This week has made clear to me the importance of details.
In this one calendar week we have tech-ed and opened a show, planned and executed our Halloween Spooktacular Event on Fifth Avenue, and planned and prepared for our Annual Charity Golf Classic.
I also, in my spare time, prepared the “sides” (which are what we call the scenes that actors read when auditioning) for auditions for THE GOD GAME (yes, I’m going back for more), gotten through about a 180 emails, attending a cocktail party thrown by Bunny Brooks, the chair of our Ambassadors’ Guild for our returning Ambassadors, prepared more plans for annual Gala on February 27th at the Naples Beach Hotel honoring Bob Harden, and prepped for our upcoming first meeting of our Fundraising Advisory Board.
And in this, it became increasingly clear that for us to continue to uphold the mission I hold dear of “High Quality Professional Theatre at Affordable Prices” the only way for us to do that is to pay attention to even the tiniest detail.
I am now halfway through this blog and realized Cody Nickell wrote a blog with the same title on September 26th, so I am adding a “Part Deux” to my title now.
As I read through Cody’s blog once again, I have tears in my eyes – gratitude flowing through me as a result of reading how dearly he holds the importance of the details as well. As far as I’m concerned, they’re the make or break aspect of what we do. They are what can set us apart if we focus on the importance of them, or cause us, through lack of focus on the importance of every detail, to fade back into the background, into the sea of other theatre companies or plays or performances that you’ve seen before.
Every single detail matters. Did a customer have to call back more than once or were their needs met the first time? Does that piece of “built-in furniture” on the set have rough edges or smooth? Are the curls in her hair individual enough and distinct enough that she looks like a woman from 1940? But more than that, have we checked and double checked and triple checked that we have all the information we need, so that the show is the best it can be, so that we can provide the best possible customer experience we can, so that the marketing is such that people know we’re out there and are excited about it?
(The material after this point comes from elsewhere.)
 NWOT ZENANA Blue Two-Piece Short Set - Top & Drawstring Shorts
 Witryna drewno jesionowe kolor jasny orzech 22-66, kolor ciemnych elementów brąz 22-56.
We have challenges, and they are many: they include working in a shared facility, with limited technical ability, no backstage space and a limited budget which means we have the fewest amount of staff members doing the largest amount of work humanly possible to get it all done on time and under budget. That’s maybe my biggest challenge of all…how to keep everyone happy, humming along, working productively and effectively and focusing on the details despite the fact that we’ve all got a LOT going on….but we’re just going to keep on trucking. We’ve grown from a budget of $5 to a budget of $1.5M in 9 years, and we’re not going to stop any time soon. We’re going to keep growing, we’re going to keep offering the community the highest-quality experience in every way that we possibly can, and someday we will have a home of our own, and that will bring with it its own set of new challenges for us to meet and new vistas to conquer.